P C Jain’s wife Usha is a home maker, their only daughter Ekta was born while they lived in Ludhiana. Ekta is now married and her husband is in business manufacturing injection molded cones for textile mills with factories in Ludhiana and Bhopal. Their son Shakti was born in Delhi in 1977 who, after schooling in St. Marks School Delhi, graduated in commerce from Venkateswara College New Delhi and followed it with an MBA in finance, sales and marketing from Rochester School of Technology in 2001. Shakti now manages the company as Managing Director while his father is the Chairman. Proudly P C Jain says, “Under Shakti Jain’s leadership the company’s sales that had initially dipped after division of assets amongst erstwhile partners, has doubled”! Carrying his father’s vision of moving ahead of time, Shakti foresaw that RFID labels will be the future. In 2012 Shakti and his wife Neha, who is now the Executive Director in the company, visited Spain to be trained in RFID technology and to see the RFID inlay insertion machine. In yet another pioneering step they bought this machine and became the first Indian label company to offer RFID Self adhesive labels. At this time they even changed the name of their company to Great Eastern IDTech Pvt. Ltd. so as to project its modern approach and indicate their digital offerings.  Great Eastern has had steady and smooth operations however the only challenge came when they took up a complete barcode and RFID project for Government’s warehouse management systems. They had estimated to complete the project in 3 months and it kept on getting delayed due to technical issues. Persistent efforts helped them achieve success in implementing the systems in one year. Their biggest order came when they supplied, installed and commissioned 2500 barcode printers to HDFC Bank in all their branches, some in distant places.

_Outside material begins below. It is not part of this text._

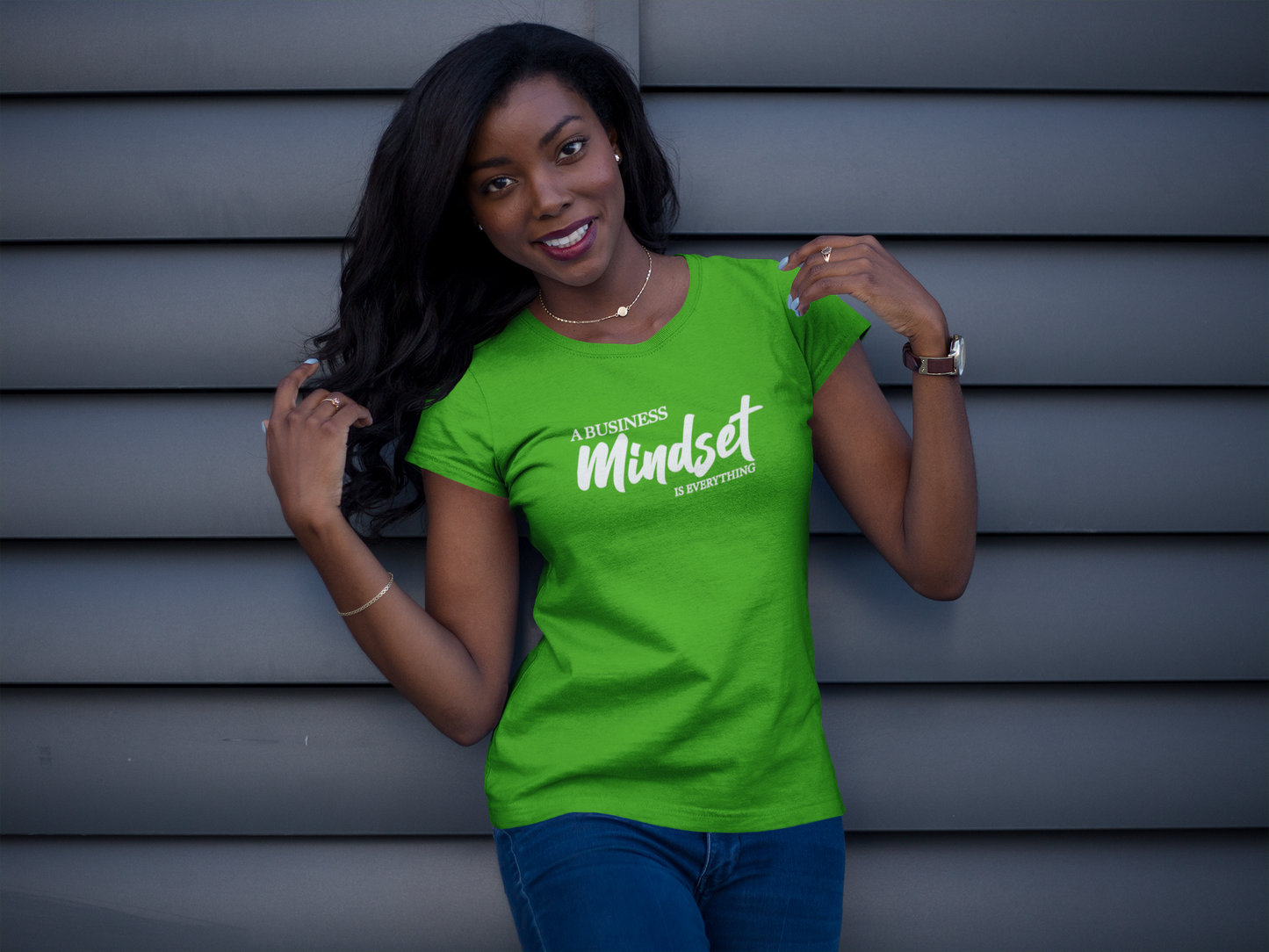 A Business Mindset is Everything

Great Eastern IDTech Pvt. Ltd. now has their manufacturing facility spread over 25000 square feet with 135 employees. They have five offices besides their head office in Gurgaon. These are at Bangalore, Chennai, Pune, Mumbai and Kolkata. Sales that fell to Rupees 10.00 Crores after the split between partners in 2002, but after achieving a steady growth over the following years, it is expected to reach Rupees 32.00 Crores by 31st March 2018. Two third of their business comes from consumables and one third from hardware and software. Barcode technology accounts for 85% of sales, RFID 5% and price marking is 10%. They sell 200,000 square meters per month of thermal transfer ribbon, convert 150,000 square meters per month of labelstock and sell 1 million RFID labels per year. Visualising future the father son duo expresses that by the year 2020, they will reach a turnover of Rupees 50 Crores just by organic growth.



In progressing years P C Jain has tried to give back to the industry and society that gave him success and recognition. Other than spending his quality time with his best friend, his grandson Samar Jain, he is involved with many charitable institutions. He initiated the formation of AIDC (Automatic Identification and Data Capture) Associationof India and was its founder president for the first two terms of 3 years each. The association was started with just 30 members and has now grown to 150 members with pan national presence. In 2012 the AIDC Association at its annual conference in Kovallam resort Kerala, conferred upon P C Jain the “Lifetime Achievement Award”!